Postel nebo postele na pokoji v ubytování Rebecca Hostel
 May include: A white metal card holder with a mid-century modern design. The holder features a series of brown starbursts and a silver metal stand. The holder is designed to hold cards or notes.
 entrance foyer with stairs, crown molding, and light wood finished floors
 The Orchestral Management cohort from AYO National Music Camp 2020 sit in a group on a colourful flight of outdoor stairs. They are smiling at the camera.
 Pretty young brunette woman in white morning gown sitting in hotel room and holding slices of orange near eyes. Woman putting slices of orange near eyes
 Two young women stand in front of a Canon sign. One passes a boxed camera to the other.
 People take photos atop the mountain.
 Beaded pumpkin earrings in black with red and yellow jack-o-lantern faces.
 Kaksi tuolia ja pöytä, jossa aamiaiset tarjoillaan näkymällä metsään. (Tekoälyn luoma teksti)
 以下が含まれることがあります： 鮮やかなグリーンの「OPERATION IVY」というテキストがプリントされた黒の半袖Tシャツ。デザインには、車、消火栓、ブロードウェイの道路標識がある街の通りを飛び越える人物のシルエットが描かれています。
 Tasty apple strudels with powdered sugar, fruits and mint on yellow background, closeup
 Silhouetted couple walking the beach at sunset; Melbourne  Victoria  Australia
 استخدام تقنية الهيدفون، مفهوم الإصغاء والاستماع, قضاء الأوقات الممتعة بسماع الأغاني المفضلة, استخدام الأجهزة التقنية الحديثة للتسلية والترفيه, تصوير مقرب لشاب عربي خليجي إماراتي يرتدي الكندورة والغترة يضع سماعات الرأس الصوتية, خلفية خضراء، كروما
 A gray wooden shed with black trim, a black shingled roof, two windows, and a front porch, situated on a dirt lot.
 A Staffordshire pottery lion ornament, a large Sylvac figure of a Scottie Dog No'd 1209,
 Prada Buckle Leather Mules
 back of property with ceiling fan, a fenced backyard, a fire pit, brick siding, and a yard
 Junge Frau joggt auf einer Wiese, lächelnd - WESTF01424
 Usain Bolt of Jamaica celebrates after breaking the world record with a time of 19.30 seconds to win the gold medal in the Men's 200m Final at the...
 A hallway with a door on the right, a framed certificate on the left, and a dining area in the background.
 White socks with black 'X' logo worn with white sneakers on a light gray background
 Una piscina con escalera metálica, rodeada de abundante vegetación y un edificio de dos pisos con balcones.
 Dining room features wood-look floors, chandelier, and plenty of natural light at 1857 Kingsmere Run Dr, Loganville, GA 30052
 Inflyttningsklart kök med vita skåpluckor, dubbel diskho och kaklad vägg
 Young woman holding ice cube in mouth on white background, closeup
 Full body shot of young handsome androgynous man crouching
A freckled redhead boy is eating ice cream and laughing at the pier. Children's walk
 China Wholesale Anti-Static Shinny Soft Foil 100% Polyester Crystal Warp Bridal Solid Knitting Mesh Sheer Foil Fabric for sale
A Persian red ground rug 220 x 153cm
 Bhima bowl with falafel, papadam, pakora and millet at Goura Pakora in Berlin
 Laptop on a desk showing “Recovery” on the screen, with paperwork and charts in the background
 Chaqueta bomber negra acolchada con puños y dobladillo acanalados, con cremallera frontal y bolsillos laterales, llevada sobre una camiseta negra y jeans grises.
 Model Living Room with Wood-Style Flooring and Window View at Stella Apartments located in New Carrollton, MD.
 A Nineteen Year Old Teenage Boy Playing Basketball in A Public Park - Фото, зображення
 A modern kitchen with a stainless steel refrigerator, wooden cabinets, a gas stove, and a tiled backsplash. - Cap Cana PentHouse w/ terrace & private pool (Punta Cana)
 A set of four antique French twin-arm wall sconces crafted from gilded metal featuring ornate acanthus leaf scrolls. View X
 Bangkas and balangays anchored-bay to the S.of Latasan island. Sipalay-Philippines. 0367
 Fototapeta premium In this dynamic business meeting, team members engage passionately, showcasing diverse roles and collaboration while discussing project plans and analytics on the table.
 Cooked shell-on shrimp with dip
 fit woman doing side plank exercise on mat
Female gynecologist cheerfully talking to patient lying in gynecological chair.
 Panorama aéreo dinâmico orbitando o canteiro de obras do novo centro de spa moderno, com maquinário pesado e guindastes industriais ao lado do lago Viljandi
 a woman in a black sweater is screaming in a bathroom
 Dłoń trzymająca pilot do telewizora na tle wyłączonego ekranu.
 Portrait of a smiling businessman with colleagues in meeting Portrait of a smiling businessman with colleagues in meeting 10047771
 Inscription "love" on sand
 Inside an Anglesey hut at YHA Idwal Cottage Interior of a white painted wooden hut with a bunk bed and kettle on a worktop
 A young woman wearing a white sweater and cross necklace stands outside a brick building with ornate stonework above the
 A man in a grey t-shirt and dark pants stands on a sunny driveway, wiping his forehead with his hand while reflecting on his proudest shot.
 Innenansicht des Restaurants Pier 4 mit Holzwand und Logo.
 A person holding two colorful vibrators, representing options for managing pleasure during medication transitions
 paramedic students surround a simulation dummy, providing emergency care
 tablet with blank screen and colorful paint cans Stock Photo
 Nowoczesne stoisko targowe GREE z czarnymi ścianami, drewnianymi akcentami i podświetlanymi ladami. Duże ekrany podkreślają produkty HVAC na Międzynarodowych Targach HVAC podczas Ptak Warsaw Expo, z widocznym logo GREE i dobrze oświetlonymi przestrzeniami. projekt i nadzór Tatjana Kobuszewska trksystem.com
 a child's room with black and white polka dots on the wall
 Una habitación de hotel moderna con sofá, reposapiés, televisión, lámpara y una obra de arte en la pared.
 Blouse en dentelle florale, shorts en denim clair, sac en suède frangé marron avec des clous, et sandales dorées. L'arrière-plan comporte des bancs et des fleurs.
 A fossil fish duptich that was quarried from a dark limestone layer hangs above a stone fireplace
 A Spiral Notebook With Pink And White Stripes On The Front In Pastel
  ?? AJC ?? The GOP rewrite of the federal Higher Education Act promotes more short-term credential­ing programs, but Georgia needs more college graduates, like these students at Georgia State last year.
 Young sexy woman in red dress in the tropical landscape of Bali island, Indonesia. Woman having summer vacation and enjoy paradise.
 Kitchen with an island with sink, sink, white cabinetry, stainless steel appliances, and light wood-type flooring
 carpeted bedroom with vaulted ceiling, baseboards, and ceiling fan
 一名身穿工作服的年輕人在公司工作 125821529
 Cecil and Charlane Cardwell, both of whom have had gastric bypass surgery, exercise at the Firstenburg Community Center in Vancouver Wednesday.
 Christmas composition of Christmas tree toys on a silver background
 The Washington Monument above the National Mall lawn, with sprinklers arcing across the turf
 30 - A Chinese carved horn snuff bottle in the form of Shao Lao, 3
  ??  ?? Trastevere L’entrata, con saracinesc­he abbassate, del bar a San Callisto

To do: Exact repetition is required: return every record shown above.

Task output:
Postel nebo postele na pokoji v ubytování Rebecca Hostel
 May include: A white metal card holder with a mid-century modern design. The holder features a series of brown starbursts and a silver metal stand. The holder is designed to hold cards or notes.
 entrance foyer with stairs, crown molding, and light wood finished floors
 The Orchestral Management cohort from AYO National Music Camp 2020 sit in a group on a colourful flight of outdoor stairs. They are smiling at the camera.
 Pretty young brunette woman in white morning gown sitting in hotel room and holding slices of orange near eyes. Woman putting slices of orange near eyes
 Two young women stand in front of a Canon sign. One passes a boxed camera to the other.
 People take photos atop the mountain.
 Beaded pumpkin earrings in black with red and yellow jack-o-lantern faces.
 Kaksi tuolia ja pöytä, jossa aamiaiset tarjoillaan näkymällä metsään. (Tekoälyn luoma teksti)
 以下が含まれることがあります： 鮮やかなグリーンの「OPERATION IVY」というテキストがプリントされた黒の半袖Tシャツ。デザインには、車、消火栓、ブロードウェイの道路標識がある街の通りを飛び越える人物のシルエットが描かれています。
 Tasty apple strudels with powdered sugar, fruits and mint on yellow background, closeup
 Silhouetted couple walking the beach at sunset; Melbourne  Victoria  Australia
 استخدام تقنية الهيدفون، مفهوم الإصغاء والاستماع, قضاء الأوقات الممتعة بسماع الأغاني المفضلة, استخدام الأجهزة التقنية الحديثة للتسلية والترفيه, تصوير مقرب لشاب عربي خليجي إماراتي يرتدي الكندورة والغترة يضع سماعات الرأس الصوتية, خلفية خضراء، كروما
 A gray wooden shed with black trim, a black shingled roof, two windows, and a front porch, situated on a dirt lot.
 A Staffordshire pottery lion ornament, a large Sylvac figure of a Scottie Dog No'd 1209,
 Prada Buckle Leather Mules
 back of property with ceiling fan, a fenced backyard, a fire pit, brick siding, and a yard
 Junge Frau joggt auf einer Wiese, lächelnd - WESTF01424
 Usain Bolt of Jamaica celebrates after breaking the world record with a time of 19.30 seconds to win the gold medal in the Men's 200m Final at the...
 A hallway with a door on the right, a framed certificate on the left, and a dining area in the background.
 White socks with black 'X' logo worn with white sneakers on a light gray background
 Una piscina con escalera metálica, rodeada de abundante vegetación y un edificio de dos pisos con balcones.
 Dining room features wood-look floors, chandelier, and plenty of natural light at 1857 Kingsmere Run Dr, Loganville, GA 30052
 Inflyttningsklart kök med vita skåpluckor, dubbel diskho och kaklad vägg
 Young woman holding ice cube in mouth on white background, closeup
 Full body shot of young handsome androgynous man crouching
A freckled redhead boy is eating ice cream and laughing at the pier. Children's walk
 China Wholesale Anti-Static Shinny Soft Foil 100% Polyester Crystal Warp Bridal Solid Knitting Mesh Sheer Foil Fabric for sale
A Persian red ground rug 220 x 153cm
 Bhima bowl with falafel, papadam, pakora and millet at Goura Pakora in Berlin
 Laptop on a desk showing “Recovery” on the screen, with paperwork and charts in the background
 Chaqueta bomber negra acolchada con puños y dobladillo acanalados, con cremallera frontal y bolsillos laterales, llevada sobre una camiseta negra y jeans grises.
 Model Living Room with Wood-Style Flooring and Window View at Stella Apartments located in New Carrollton, MD.
 A Nineteen Year Old Teenage Boy Playing Basketball in A Public Park - Фото, зображення
 A modern kitchen with a stainless steel refrigerator, wooden cabinets, a gas stove, and a tiled backsplash. - Cap Cana PentHouse w/ terrace & private pool (Punta Cana)
 A set of four antique French twin-arm wall sconces crafted from gilded metal featuring ornate acanthus leaf scrolls. View X
 Bangkas and balangays anchored-bay to the S.of Latasan island. Sipalay-Philippines. 0367
 Fototapeta premium In this dynamic business meeting, team members engage passionately, showcasing diverse roles and collaboration while discussing project plans and analytics on the table.
 Cooked shell-on shrimp with dip
 fit woman doing side plank exercise on mat
Female gynecologist cheerfully talking to patient lying in gynecological chair.
 Panorama aéreo dinâmico orbitando o canteiro de obras do novo centro de spa moderno, com maquinário pesado e guindastes industriais ao lado do lago Viljandi
 a woman in a black sweater is screaming in a bathroom
 Dłoń trzymająca pilot do telewizora na tle wyłączonego ekranu.
 Portrait of a smiling businessman with colleagues in meeting Portrait of a smiling businessman with colleagues in meeting 10047771
 Inscription "love" on sand
 Inside an Anglesey hut at YHA Idwal Cottage Interior of a white painted wooden hut with a bunk bed and kettle on a worktop
 A young woman wearing a white sweater and cross necklace stands outside a brick building with ornate stonework above the
 A man in a grey t-shirt and dark pants stands on a sunny driveway, wiping his forehead with his hand while reflecting on his proudest shot.
 Innenansicht des Restaurants Pier 4 mit Holzwand und Logo.
 A person holding two colorful vibrators, representing options for managing pleasure during medication transitions
 paramedic students surround a simulation dummy, providing emergency care
 tablet with blank screen and colorful paint cans Stock Photo
 Nowoczesne stoisko targowe GREE z czarnymi ścianami, drewnianymi akcentami i podświetlanymi ladami. Duże ekrany podkreślają produkty HVAC na Międzynarodowych Targach HVAC podczas Ptak Warsaw Expo, z widocznym logo GREE i dobrze oświetlonymi przestrzeniami. projekt i nadzór Tatjana Kobuszewska trksystem.com
 a child's room with black and white polka dots on the wall
 Una habitación de hotel moderna con sofá, reposapiés, televisión, lámpara y una obra de arte en la pared.
 Blouse en dentelle florale, shorts en denim clair, sac en suède frangé marron avec des clous, et sandales dorées. L'arrière-plan comporte des bancs et des fleurs.
 A fossil fish duptich that was quarried from a dark limestone layer hangs above a stone fireplace
 A Spiral Notebook With Pink And White Stripes On The Front In Pastel
  ?? AJC ?? The GOP rewrite of the federal Higher Education Act promotes more short-term credential­ing programs, but Georgia needs more college graduates, like these students at Georgia State last year.
 Young sexy woman in red dress in the tropical landscape of Bali island, Indonesia. Woman having summer vacation and enjoy paradise.
 Kitchen with an island with sink, sink, white cabinetry, stainless steel appliances, and light wood-type flooring
 carpeted bedroom with vaulted ceiling, baseboards, and ceiling fan
 一名身穿工作服的年輕人在公司工作 125821529
 Cecil and Charlane Cardwell, both of whom have had gastric bypass surgery, exercise at the Firstenburg Community Center in Vancouver Wednesday.
 Christmas composition of Christmas tree toys on a silver background
 The Washington Monument above the National Mall lawn, with sprinklers arcing across the turf
 30 - A Chinese carved horn snuff bottle in the form of Shao Lao, 3
  ??  ?? Trastevere L’entrata, con saracinesc­he abbassate, del bar a San Callisto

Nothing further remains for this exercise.